挿入部の先端部内には、複数の光学素子からなりかつ前端の光学素子が当該先端部の前端面において露出する対物レンズ系と、対物レンズ系の後方に位置する撮像素子と、撮像素子の外周側に位置しかつ前後両端が開口する金属製の筒状シールド部材と、を具備している。
各信号線は束ねられた状態で後方に延びている。この信号線束は、挿入部、操作部、ユニバーサルチューブの内部空間を通ってコネクタ部の内部空間まで延びている。
各グランド線も束ねられた状態で後方に延びており、グランド線束の前端近傍部はシールド部材の内周面の後部に対して半田付けしてある。
撮像素子の周辺には熱伝導性が低い樹脂部材が配置してある。そのため、撮像素子の熱をこの樹脂部材を介して放熱するのは難しい。
しかし、グランド線束の後部がシールド部材の内周面の後部に半田付けしてあるので、撮像素子の熱の一部は回路基板及びグランド線束を介して金属製のシールド部材に流れ、シールド部材から放熱される。そのため、撮像素子が高温化して、撮像した画像の品質が落ちるのを抑制できる。
しかし上記構造では、グランド線束がある程度の長さを有しているので(回路基板からシールド部材の内周面の後部までの距離が長いので)、撮像素子から回路基板に伝わった熱をシールド部材に効率よく伝達するのが難しい。
そのため、撮像素子の温度上昇を十分に抑制できず、撮像素子の温度上昇に起因して撮像画像が劣化するおそれがある。
さらに、撮像素子の外周面から放射状に(シールド部材の内周面側に向かって)突出する複数のグランド端子をシールド部材の内面に半田付けしているので、撮像素子の熱の一部はグランド端子からシールド部材へ直接流れる。一般的に撮像素子の外周面からシールド部材の内周面までの距離は短いので(グランド端子の長さは短いので)、撮像素子で発生した熱はグランド端子からシールド部材へ効率よく伝わり、シールド部材から効率よく放熱される。そのため、撮像素子が高温化して、撮像した画像の品質が落ちるのを効果的に抑制できる。

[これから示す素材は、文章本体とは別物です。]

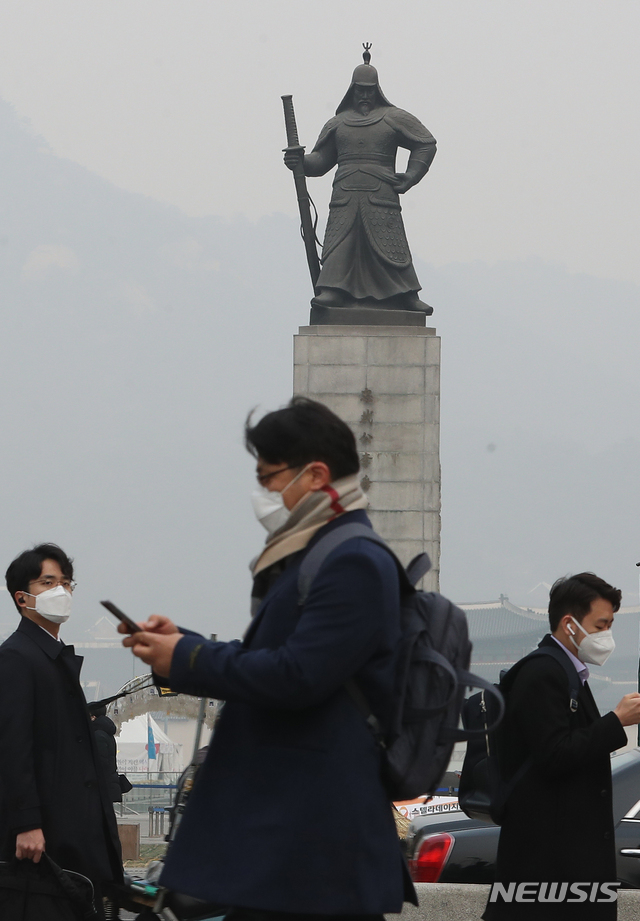 【서울=뉴시스】박주성 기자 = 수도권에 사상 처음으로 엿새째 미세먼지 비상저감조치가 발령된 가운데 6일 오전 서울 광화문사거리에 시민들이 마스크를 쓰고 출근을 하고 있다. 2019.03.06.  park7691@newsis.com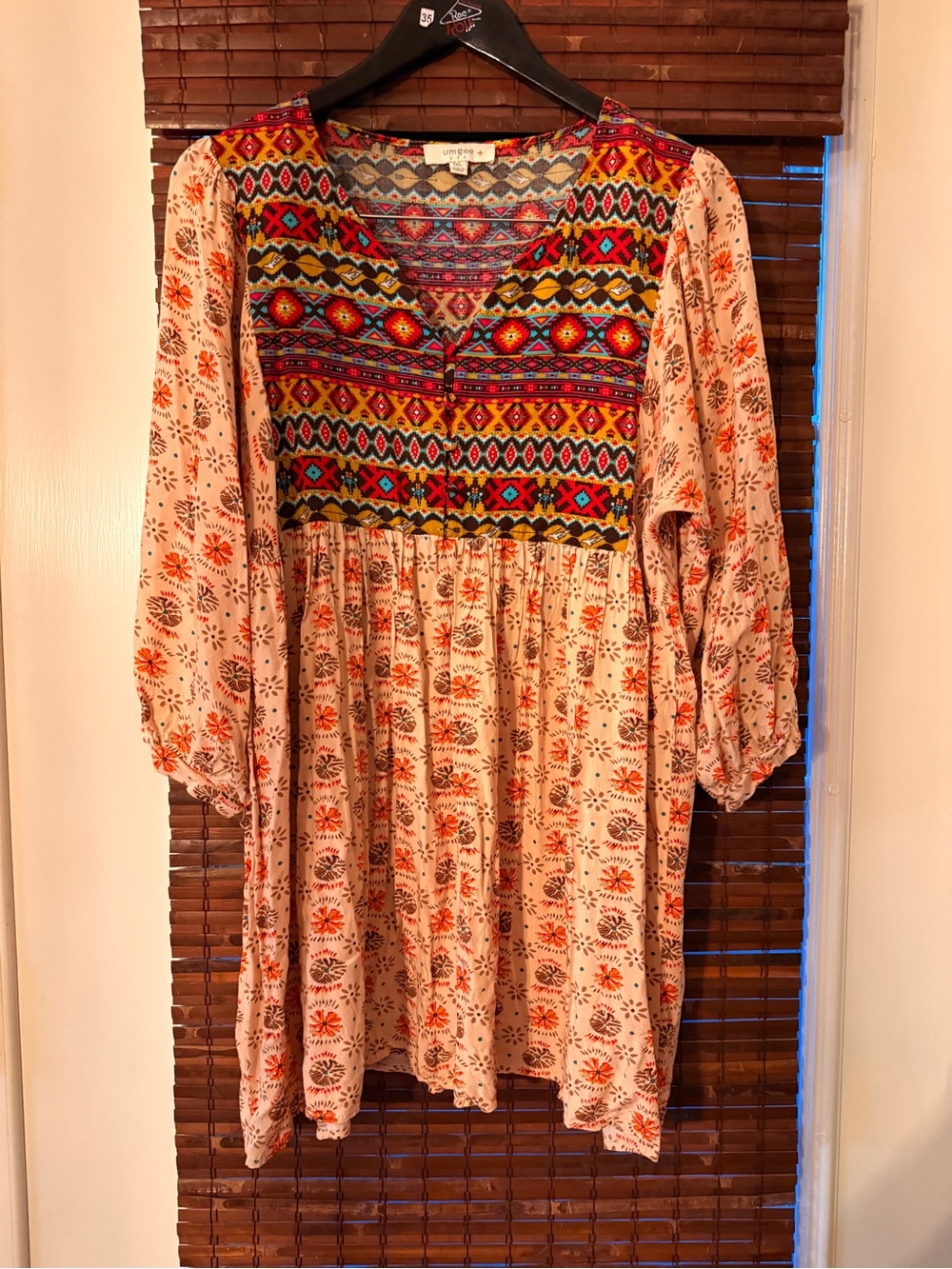 Umgee Boho dress Tunic with southwestern Embroidered Yoke - Picture 3 of 10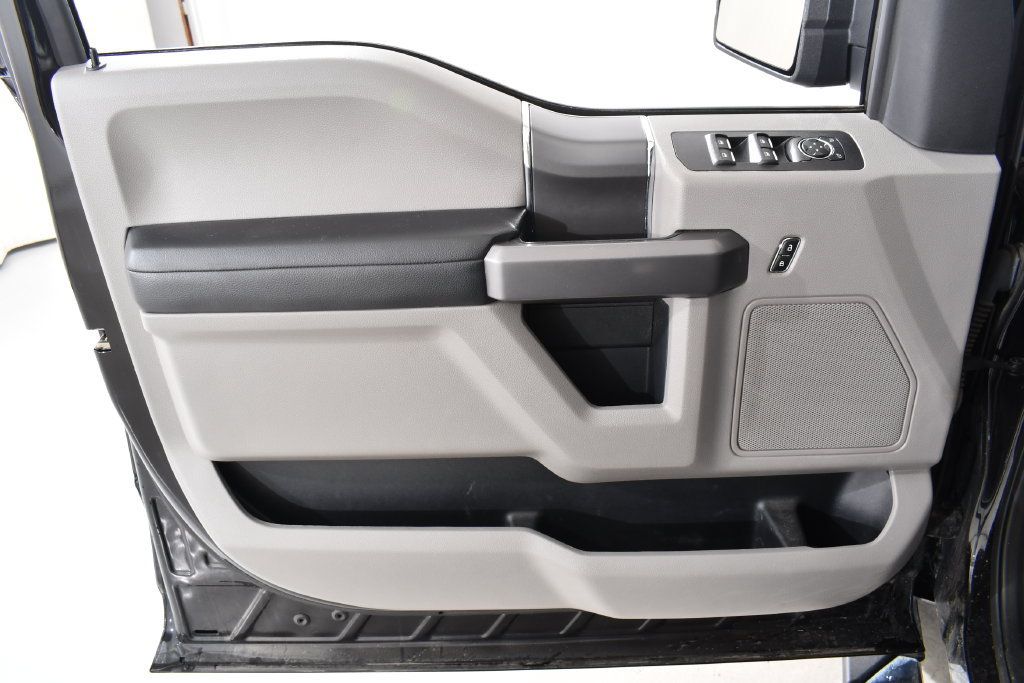 Used 2020 Ford F150 XLT w/ Equipment Group 302A Luxury AWD/4WD image 25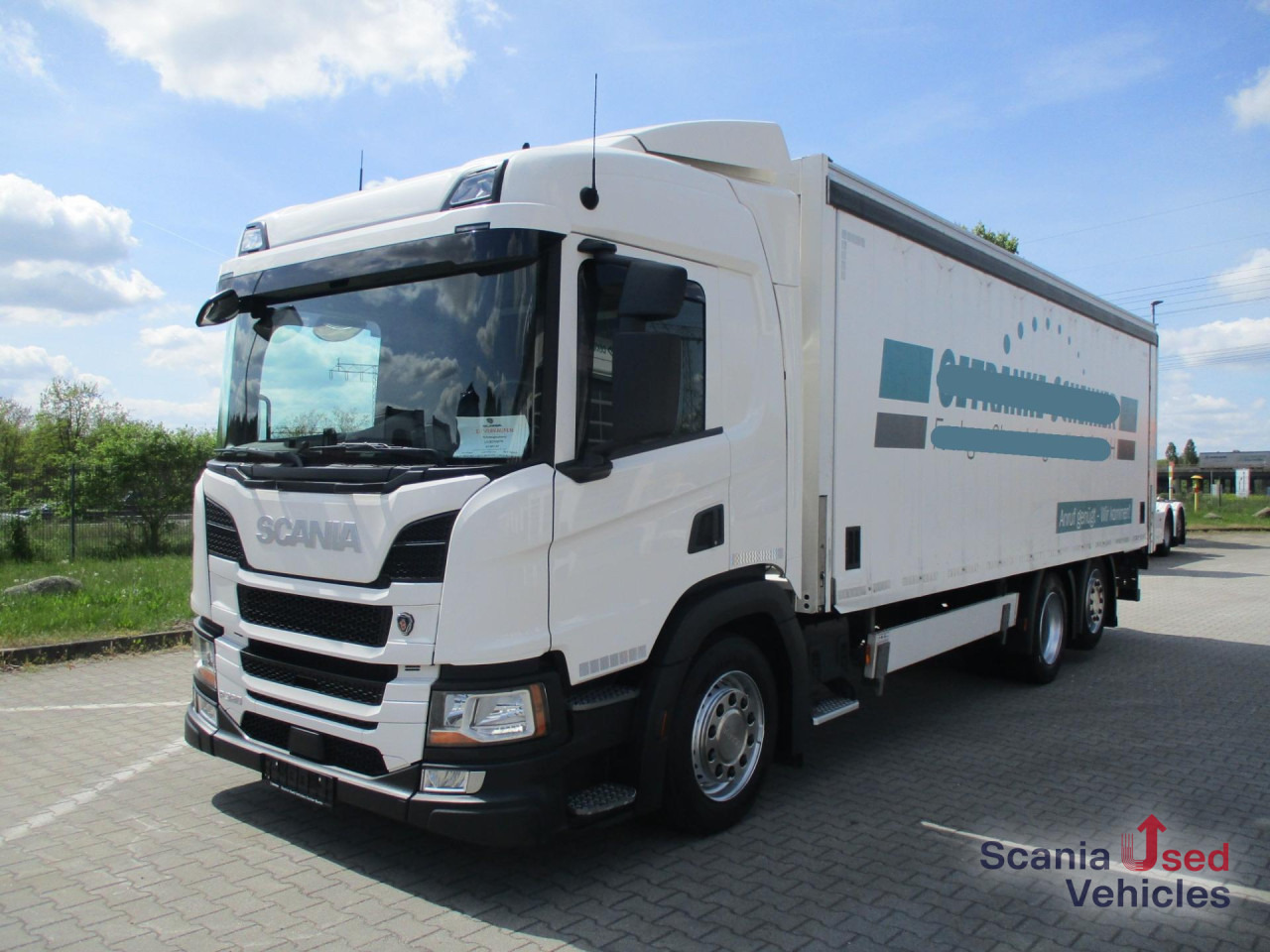 SCANIA P 320 B6x2*4LB / LBW / Lift-Lenkachse / 18 Pal. / - Drankenwagen vrachtwagen: afbeelding 1 SCANIA P 320 B6x2*4LB / LBW / Lift-Lenkachse / 18 Pal. / - Drankenwagen vrachtwagen: afbeelding 1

医療用の内視鏡10は、硬質樹脂からなる操作部11と、操作部11から前方に延びる挿入部12と、操作部11から後方に延びるユニバーサルチューブ13と、ユニバーサルチューブ13の後端に固定したコネクタ部14と、を備えている。
挿入部12は、操作部11から前方に延びかつ可撓性を有する可撓管部16と、可撓管部16の前端部に接続する湾曲部17と、湾曲部17の前端部に接続する先端部18と、を具備している。湾曲部17は、操作部11に設けた湾曲操作レバー15の回転操作に連動して湾曲する部位である。
先端部18の外周面は、挿入部12全体の外周面を構成する可撓性樹脂材料からなる外皮材19の先端部により構成してある。外皮材19の先端部の内周側には、実質的に弾性変形不能な硬質樹脂材料(例えば、ABS、変性PPO、PSUなど)によって構成した先端硬質部20が設けてある。先端硬質部20の前端面には、先端硬質部20を前後方向に貫通する断面円形の収納孔20aが形成してある。収納孔20aは、断面円形をなす前部孔20a1と、断面略方形をなす後部孔20a2と、からなるものである。
シールド部材22は断面略方形をなす筒状部材である。シールド部材22は、本体部23、第一導通板24、及び第二導通板25を具備している。
本体部23は熱伝導率が高い金属製(例えば、真鍮やSUSなど)の板材から成形した筒状部材である。本体部23の軸線は前後方向(挿入部12の軸線方向)に延びており、本体部23の両端は開口している。図2及び図3に示すように本体部23を構成する四面の一つの面の後端部には貫通孔23a(切り欠き)が形成してあり、二つの面には貫通孔23aの前方に位置する貫通孔23bがそれぞれ形成してある。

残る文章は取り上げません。